Avent has steered the State program admirably in the past seven years. He has signed some gems of ballplayers, only to see them head for the big leagues before ever playing a game in Raleigh. Others left before completing their eligibility at State. That attrition caught up with the Pack in 2000 and 2001, rebuilding years at State. But it was also 2001 when State became the first ACC tournament team to go from the play-in game to the tournament championship game. Even in a rebuilding year, Avent's team had talent: five State players signed pro contracts after '01.
Injuries plagued the Pack in 2002, and State finished a disappointing 33-26. The sting of a down year, coupled with the potential for the Pack to play many of its 2003 "home" games on the road due to construction at Doak Field, made for an anxious off-season.
But Avent and the Pack have more than persevered this season.

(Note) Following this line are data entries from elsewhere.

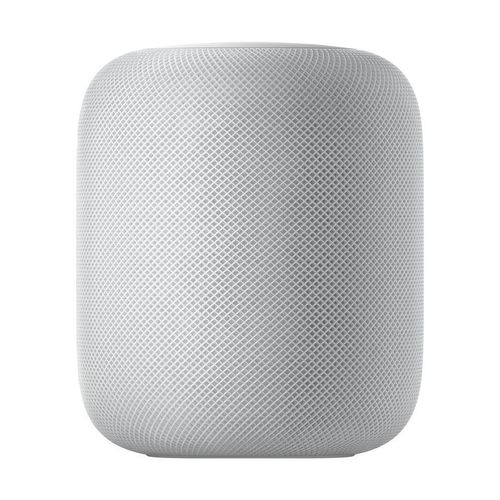 Apple HomePod weiß (2. Generation)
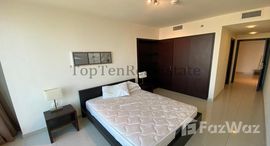 Available Units at Sun Tower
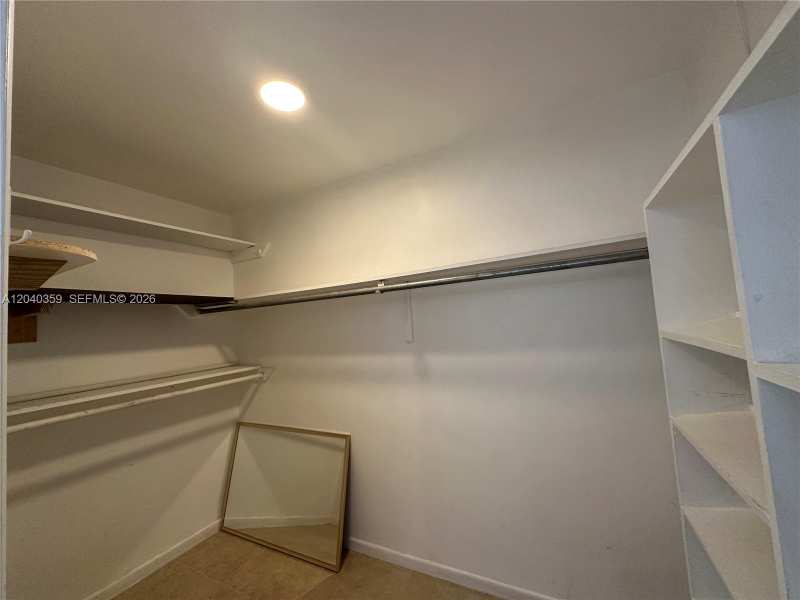 819 NE 8th St # 2, Hallandale Beach FL 33009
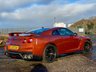 USED 2019 69 NISSAN GT-R 3.8 PRESTIGE 2d 562 BHP 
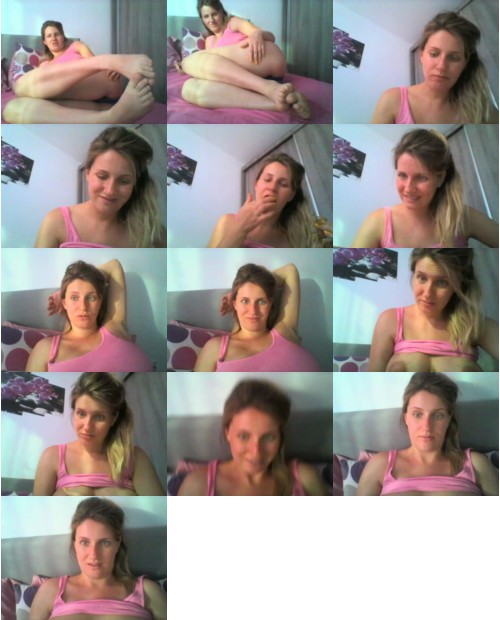 Download Video File: cam4 annaabcd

While Doak Field was getting a much-needed facelift (the Pack's facilities are only now coming up to par with the rest of the ACC and resembling less a forgotten community ball field), State hit the road. The Pack has played "home" games all over the state: Kinston, Wilson, Zebulon, Wilmington, Clayton, Durham, Buies Creek – as well as a couple of games at an unfinished Doak.
But a funny thing has happened this year. The Pack is winning. A lot. And not just against the Marylands of the college baseball world. Two of three from Clemson. Two of three from Florida State. Two of three from Wake Forest. Don't look now, but the Pack is No. 8 in the land and heading towards a home regional in the NCAA Tournament. (Doak should be ready for May regionals – if Mother Nature cooperates.)
A few days after our package of stories about Avent's hire ran in Technician in August of 1996, the stocky man from Aventon, N.C. (no joke), came up to the newspaper's offices. Rarely do you want to see someone you've just written about come to see you face-to-face. But this was different.
I don't remember the exact conversation, but I remember Avent asking for numerous copies of the paper so he could send them out to his friends and family. It was then that he started crying, saying how no one had ever written anything so nice before. He was furiously shaking our hands and thanking us, all the while expressing how proud he was to be the head baseball coach at NC State.
So, Coach Avent, if you happen to be reading this: congratulations. It's been a long time coming, but you're doing a hell of a job with the Pack Nine. Hopefully, Pack fans are as proud as you are.